Reading Response Prompts
 

These prompts are meant to get you thinking about what you have read, and to help focus your thoughts for your reading responses. You can respond to any one of them, or, if you have another idea you would rather explore, you are free to write about that instead. Do not, however, attempt to answer multiple prompts for any assignment. If you choose to pursue an idea of your own or are not writing a response that day, you should still spend at least a few minutes thinking about each of the prompts in preparation for class. For more information, review the listserv assignment.

Italo Calvino, Six Memos for the Next Millennium, “Exactitude,” “Visibility,” “Multiplicity”

Of all the qualities Calvino admires, exactitude may be the one that is most difficult to achieve, the one that a writer can at best only strain toward. Throughout this essay, Calvino presents the challenges of exactitude in terms of polarities: the infinite and the indefinite, the limits of both vastness and granular detail, a path of pure reason divorced from any object (and perhaps from language itself) and a path full of objects (and thus full of words). Discuss the quality of exactitude in any way that gets at its essential paradox.

The word imagination itself, deriving from image, implies visual experience (image itself derives from the Latin word for imitate, which derives from mimesis). So does the verb envision, and even common phrases such as picture in your mind. Indeed, the connection between any kind of mental conception and vision is almost unavoidable, even though a person who has been blind from birth is certainly as capable of the former as one who can see. What then is the connection between concept and vision? In an era in which visual stimulation can be as constant as we like — whether movies, television programs, or the latest forty-second clip of cute, frolicking animals accessible through the device still called a phone (though hardly anyone uses it primarily for talking to people now), or in another medium the popularity of graphic literature like manga — is Calvino right to worry that people could lose their capacity for turning text into visual images when reading?

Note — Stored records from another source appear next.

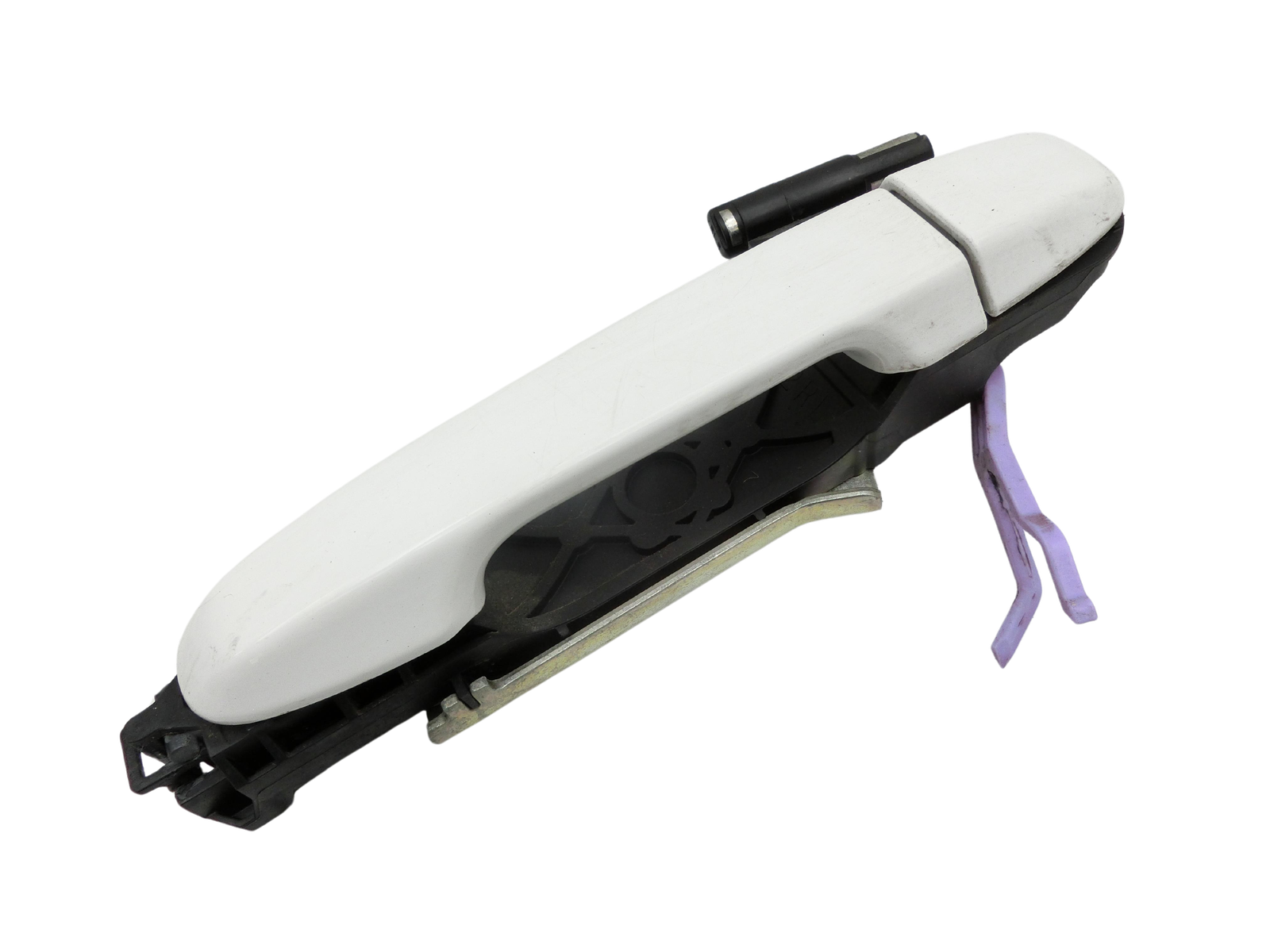 Toyota Auris E18 15-18 Kombi Türgriff Griff aussen Links Hinten 040        - Bild 1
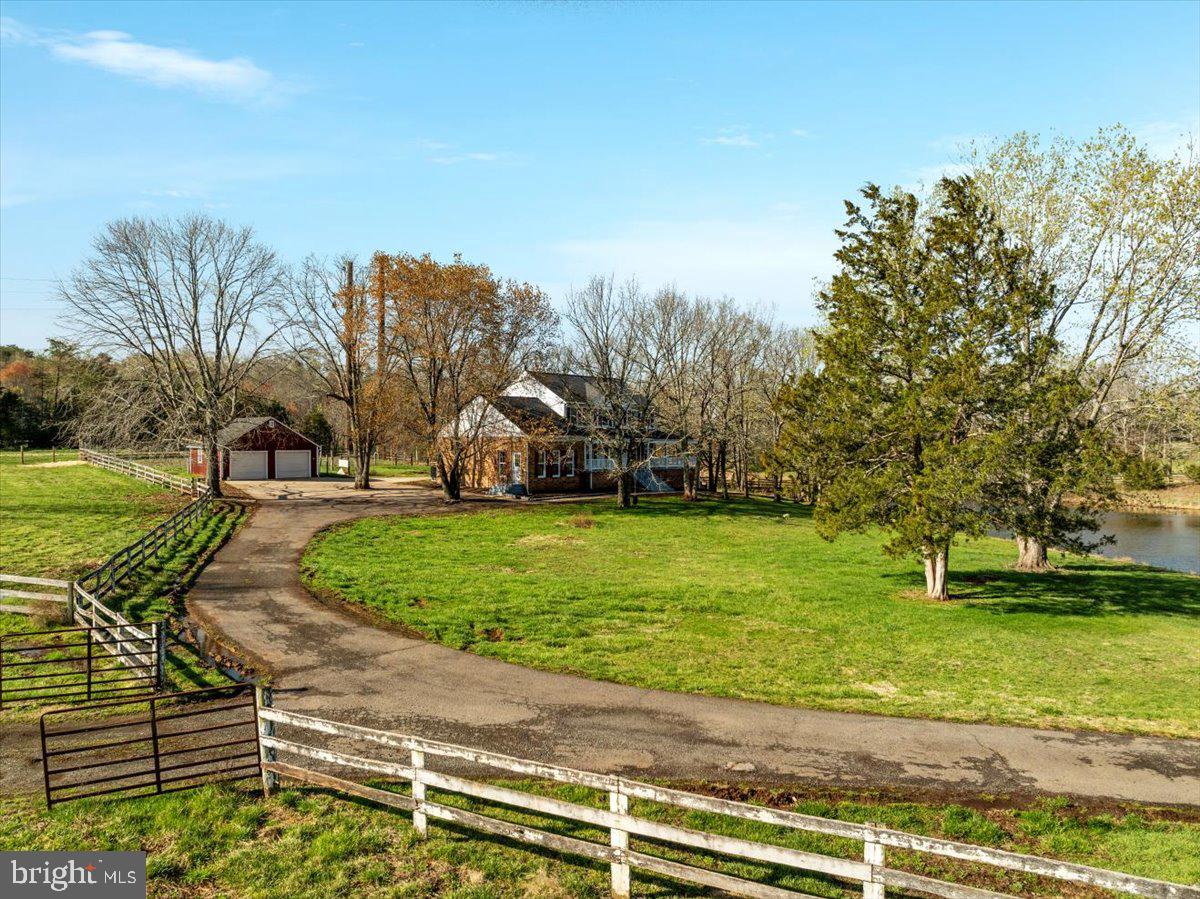 SOWEGO FORREST - Residential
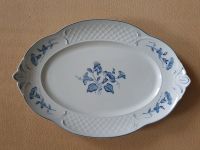 Servierplatte Villeroy & Boch Val Bleu Oval 35,5x24 cm Hamburg-Nord - Hamburg Barmbek Vorschau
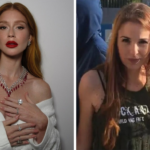 ‘Quero ir atrás de bons papéis’, disse Marina Ruy Barbosa sobre papel de Suzane von Richthofen em ‘Tremembé’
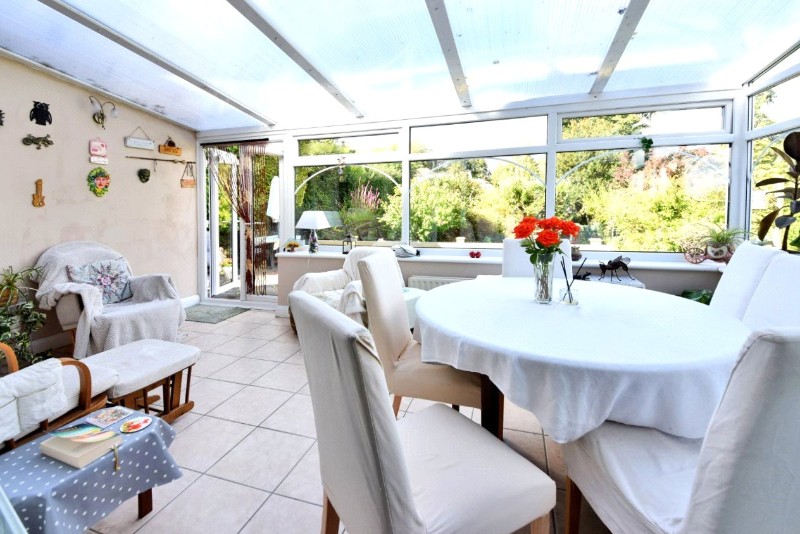 Upper Pines, Banstead, Surrey, SM7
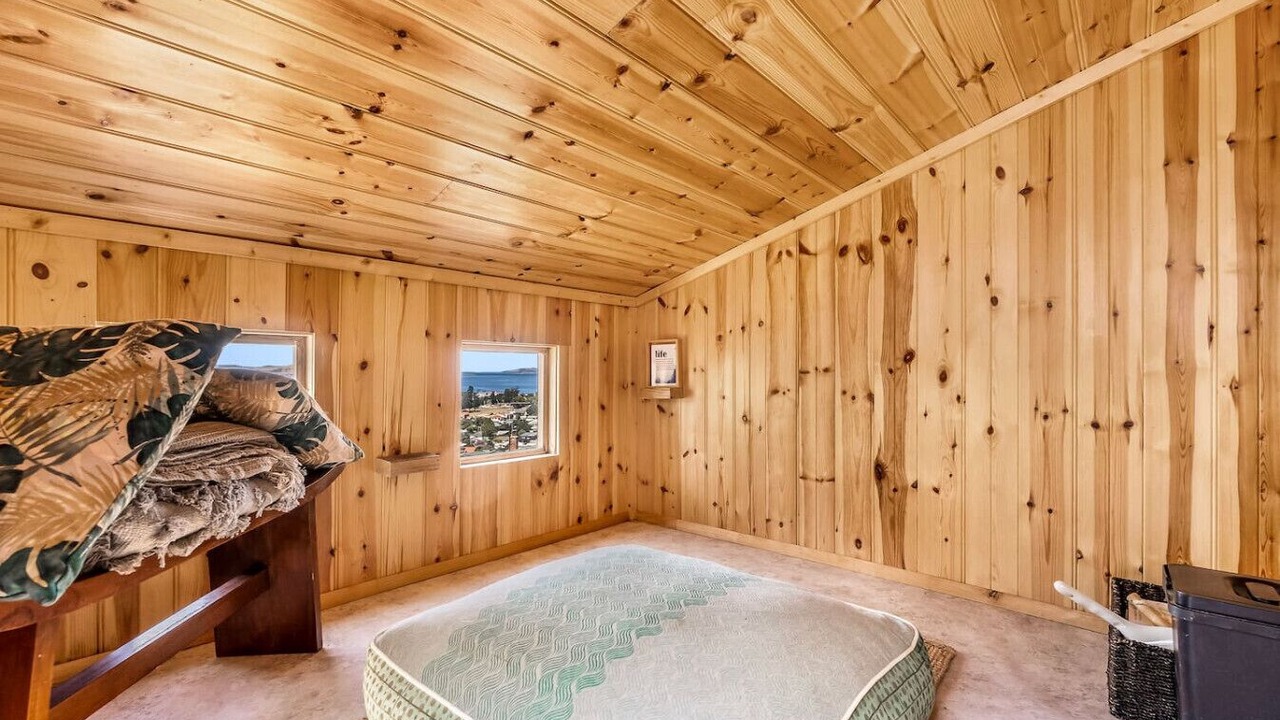 Photo of Bedroom in Bellerive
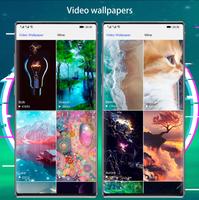 Cool Note20 Launcher تصوير الشاشة 2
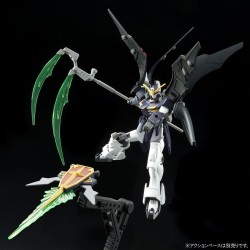Maquette - Gundam - Deathscythe Hell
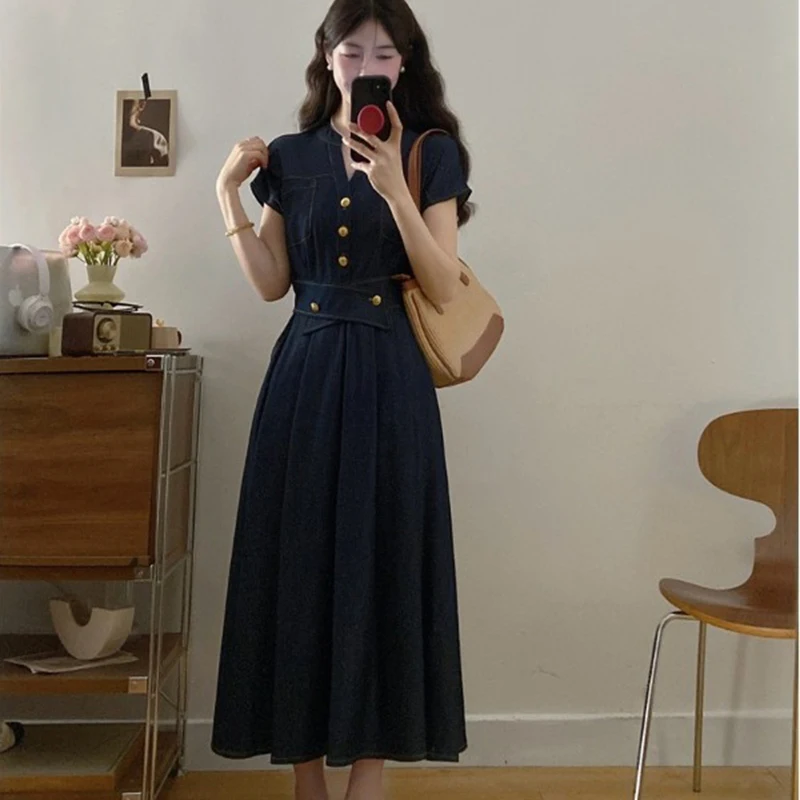 Summer Short Sleeve… - image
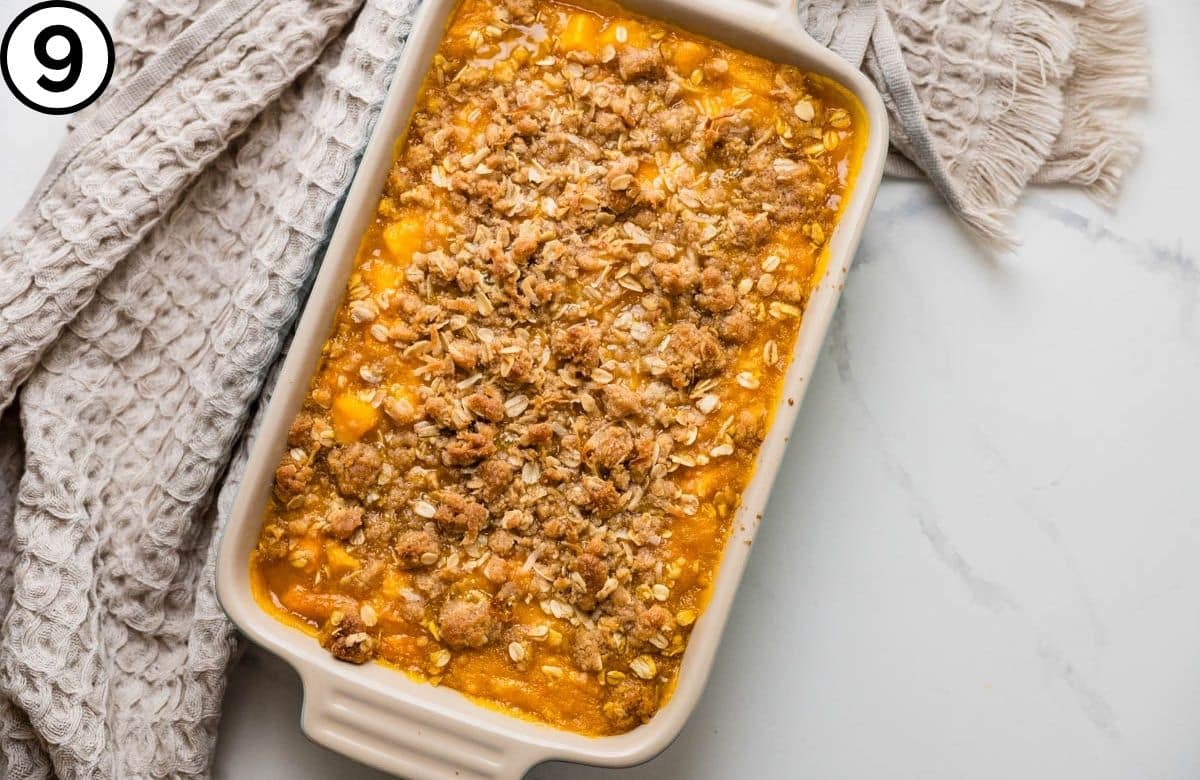 bake at 375°F for 20 minutes.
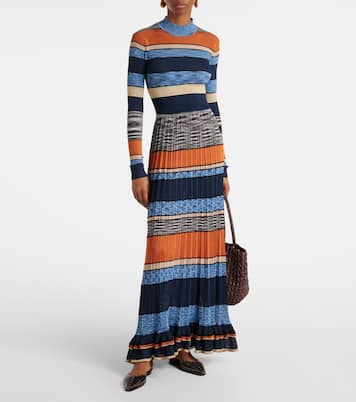 Bailarinas Violette de charol | Ulla Johnson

Calvino talks about the concept of the hypernovel — a work of unusual ambition in which an author attempts to contain multitudes. You may not have heard of Perec’s La Vie mode d’emploi, but we briefly examined Mark Danielewski’s House of Leaves, one of the most widely discussed (and generally admired) novels of the last two decades, and J. J. Abrams and Doug Dorst’s S. As we saw, House of Leaves is full of footnotes and marginal comments, some of which extend for many pages, plus features such as pages that must be read in a mirror, that proceed backwards in the book, and that depict pieces cut out of one page through which one can read another. Woe be unto him or her who tries to read it on a Kindle or Nook. S. takes the form of a fictional narrative by V. M. Straka (not a real person, though prepare to go down the rabbit-hole if you Google him or her) supposedly published in 1949, onto which are superimposed through marginal glosses another narrative told by two readers who trade the book back and forth. These glosses are not necessarily chronological and appear in variously colored inks. Also, the book contains numerous physical artifacts — handwritten letters, photocopies, maps, and so on — that are loose and can fall out of the book as you read. Some have put S. into a category that has been called Mash-Up Fiction, a category that includes works such as Pride and Prejudice and Zombies by Seth Grahame-Smith, though because Straka’s book is Abrams and Dorst’s own creation, S. is more like a pseudo-mash-up than a real one. What do you think of these works? Are they gimmicks, or are they the kind of thing Calvino was calling for in his essay on multiplicity?

As we first discussed when reading Invisible Cities, the members of Oulipo strongly believed that restriction is essential to creativity, and that unrestrained freedom is poisonous to it. Calvino discusses this idea further here. What do you think? Especially if you do creative work of any kind, do you find specific constraints, whether imposed by others or by yourself, helpful or even necessary? Or consider academic work: how would you feel if you were told you had to complete a paper that is worth a significant part — 20%, 50%, or more — of your final grade, but were given absolutely no parameters regarding length or focus or approach, and no examples of successful papers to use as a model?

Again, how does reading any of these essays inform your reading of either Invisible Cities or If on a winter’s night a traveler? How do Calvino’s fictional works reflect his “literary values,” as he calls them, or vice versa? Once more, avoid any of Calvino’s own examples from and explanations of his own works in these pages in answering this question; make your own connections.